For the second time in just over a year, YieldStreet, a digital alternative investment platform, has agreed to pay millions of dollars to clients who invested in ship-scrapping loans that are under water.
YieldStreet and a class action group of investors, who initially filed their complaint against the firm in 2020, agreed to a $6.2 million cash settlement, as well as waiving potential fees, according to a filing this week in federal court in Manhattan.
In September 2023, YieldStreet and the Securities and Exchange Commission reached a settlement of $1.9 million, with the company facing SEC allegations of failing to disclose critical information to investors in a $14.5 million asset-backed securities offering involving a ship that was to be taken apart.
The process of disassembling a ship and then selling parts for scrap or reuse is known as shipbreaking.
“In vessel deconstruction, the investors or funds buy old ships, and they’re eventually beached, cut up and sold for scrap,” said Jeff Sonn, one of the attorneys for the class action group. “YieldStreet raised money and some of the ships disappeared.”
“These are private investments and most clients invest $10,000 to $20,000, with some investing $100,000,” he said, adding that attorney Joe Peiffer also worked on the lawsuit.
A spokesperson for YieldStreet did not comment about this week’s class action settlement.
According to the court filing this week, investors in the class action suit contended that in early 2020, YieldStreet’s six outstanding maritime deconstruction offerings, which had been made to the same unidentified borrower, defaulted and caused YieldStreet investors approximately $87 million dollars in losses.
YieldStreet also sustained a $12 million dollar borrower default in its Louisiana Oil and Gas offering in 20192 , and by 2020, that borrower had filed for bankruptcy, according to the filing.

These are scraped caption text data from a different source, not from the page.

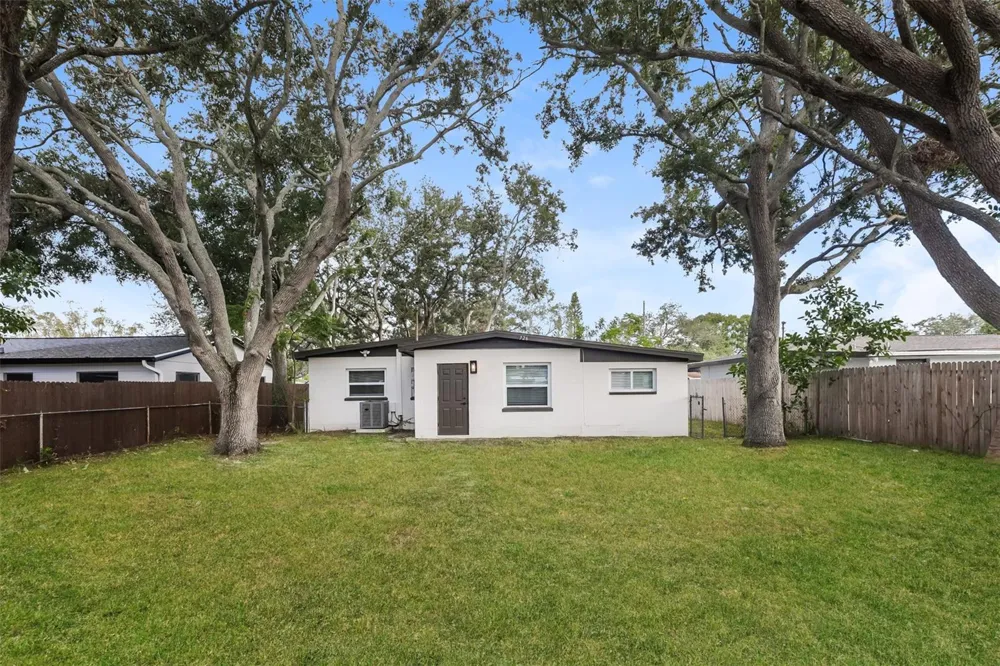 726 75TH AVENUE St Petersburg, FL 33702
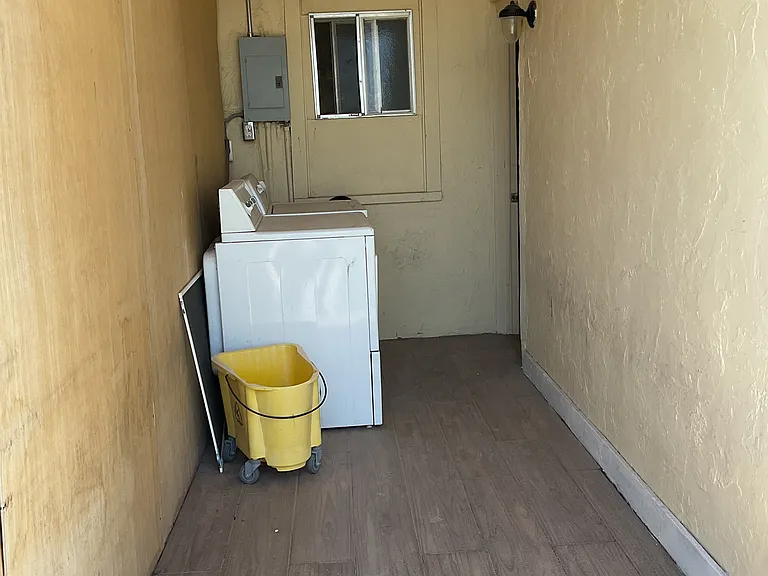 3910 La Luz Ave — Photo 18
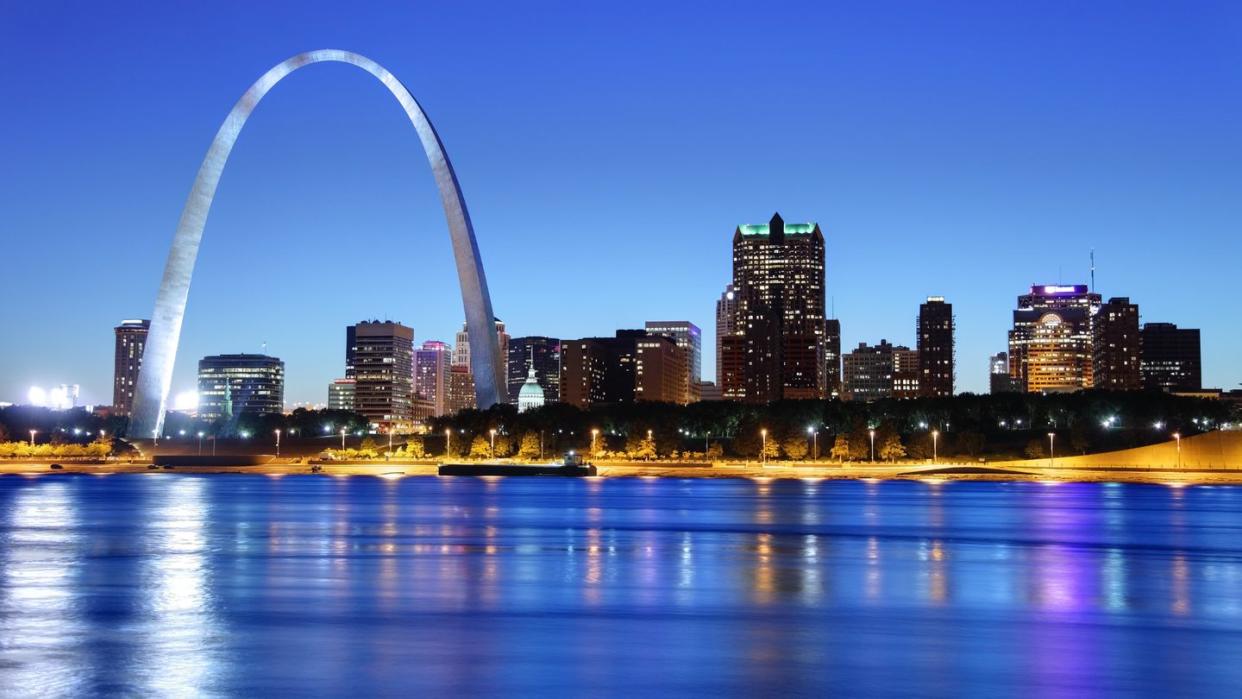 night view of the arch in the st louis skyline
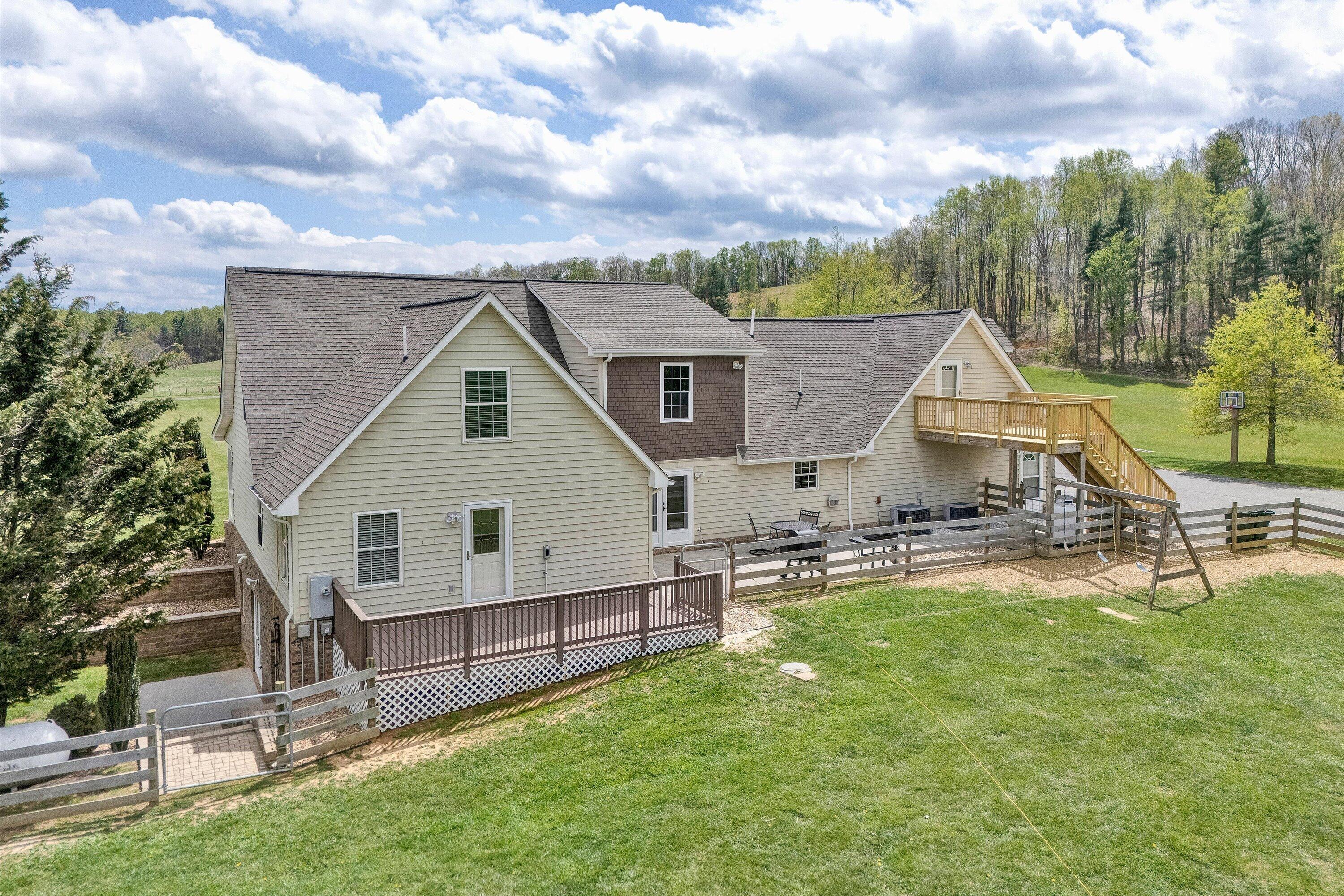 1757 Daniels Run RD NE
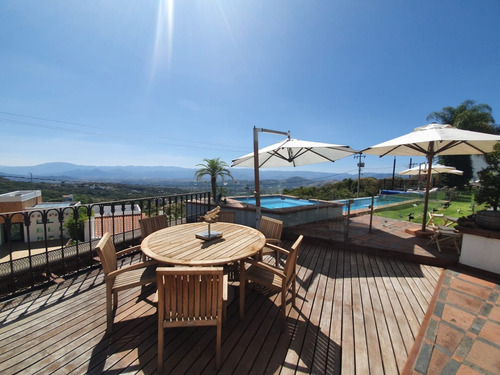 Venta Casa Lindavista Con Enorme Jardín, Alberca Climatizada, Jacuzzi, Palapa Y Totalmente Amueblada Y Equipada En Fracc Rancho San Diego Ixtapan De La Sal Edomex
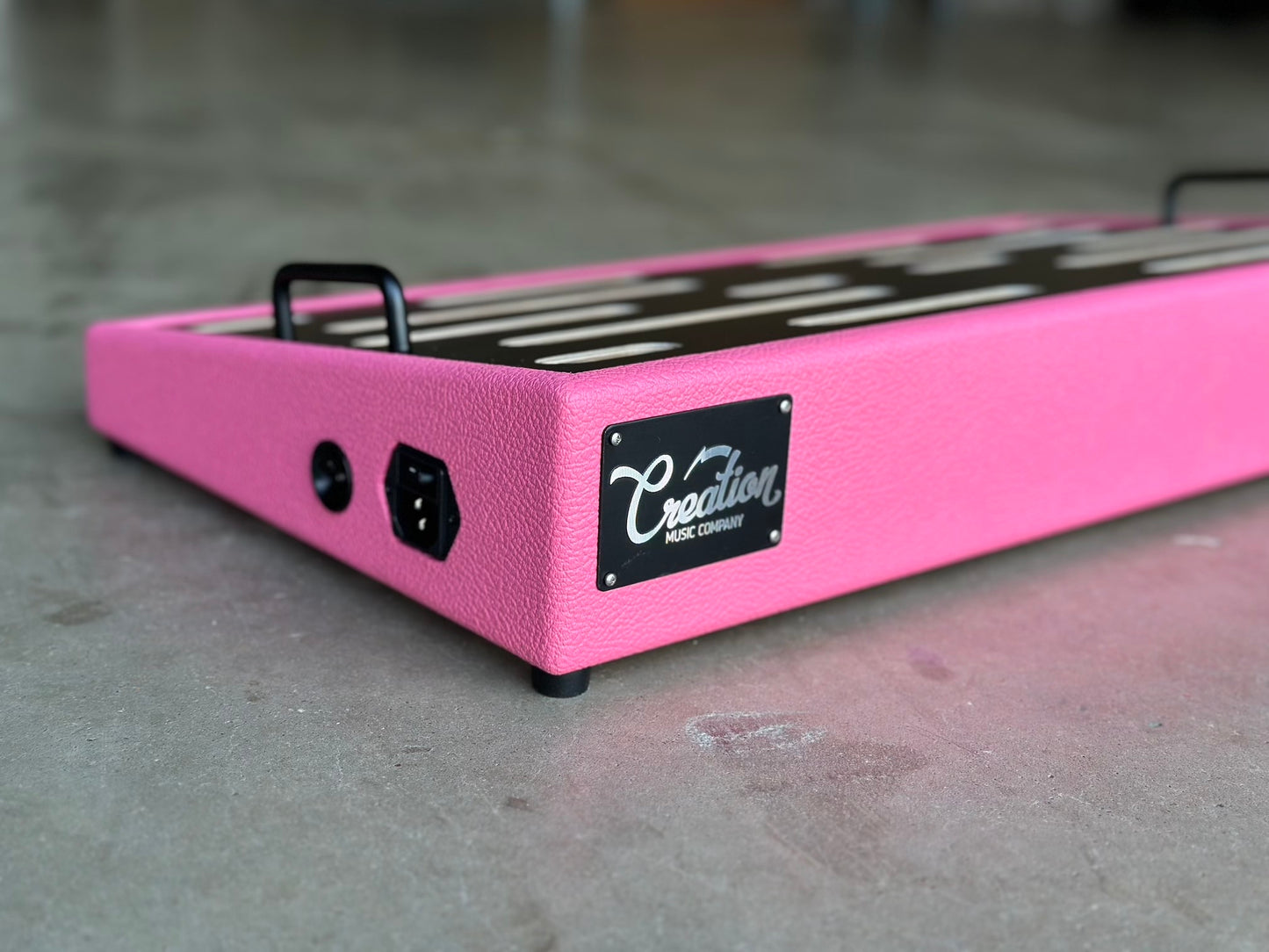 Custom Shop - Pink Tolex Pedalboard - 24x12.5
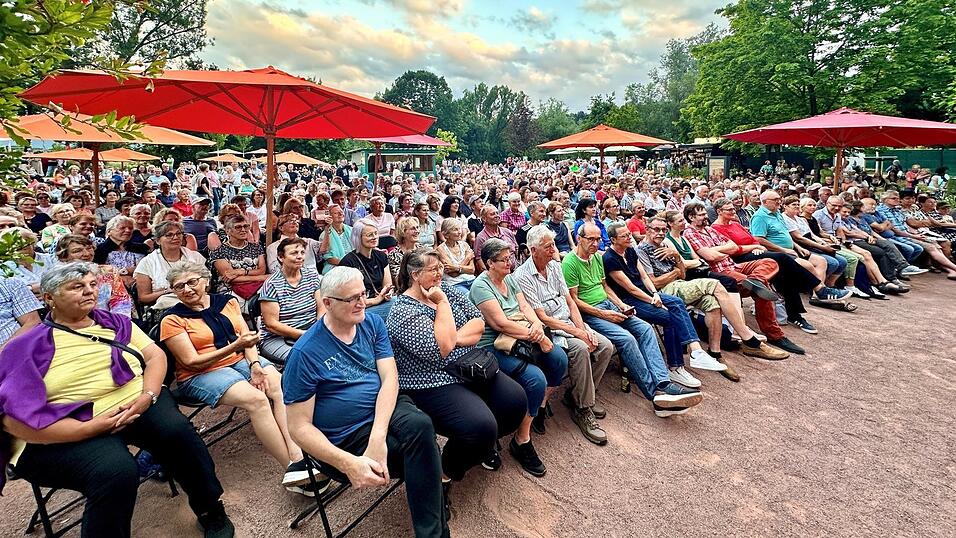 Die Reihen vor der B&uuml;hne waren bis auf den letzten Platz gef&uuml;llt.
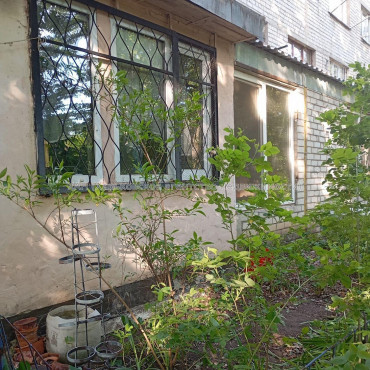 Продам квартиру, Гарибальди ул. , 1  ком., 46.70 м², косметический ремонт 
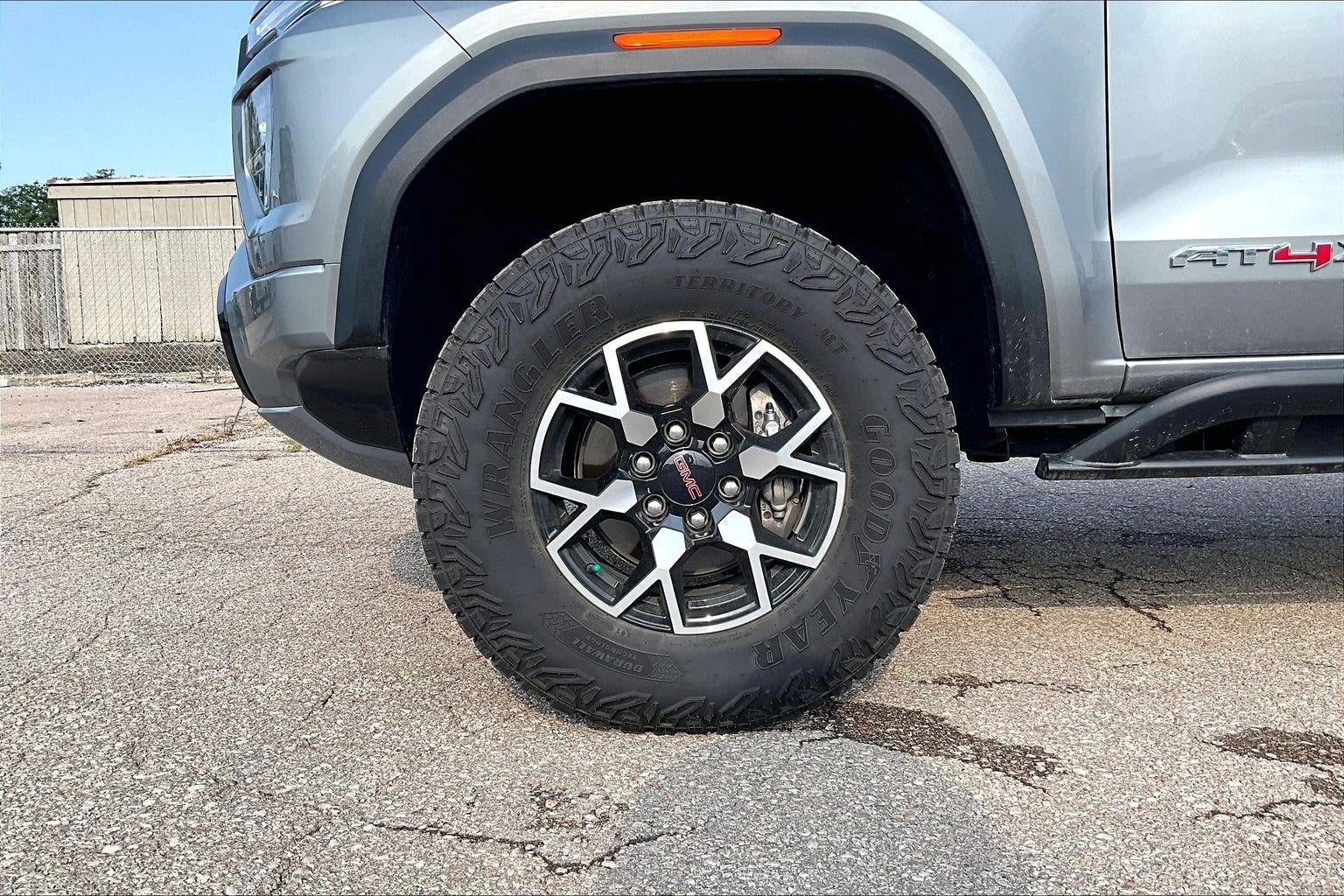 2024 GMC Canyon AT4X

According to the SEC settlement from last year, in September 2019, YieldStreet offered securities to finance a loan a company affiliate made to a group of companies to transport a retired ship and arrange its deconstruction.
The collateral for the loan was the ship to be broken apart and YieldStreet’s right to the ship was the most important security for the loan and the securities that it sold to investors, according to the SEC.
YieldStreet failed to disclose to investors a heightened risk that it would be unable to seize the ship in the event of a default, according to the SEC.
Prior to the offering, YieldStreet personnel had information showing that ships securing other loans that firm affiliates had made to the same borrowing group were reported as deconstructed without any notice or repayment or could not be located because their tracking systems were off, the SEC alleged.
But YieldStreet proceeded with the 2019 offering without disclosing this material information to investors, and the firm later concluded that the borrowing group caused the ship securing the September 2019 offering to be broken up, according to the SEC.
The borrowers stole the deconstruction proceeds by not repaying the loan from YieldStreet, leaving investors facing millions of dollars of losses, the SEC alleged.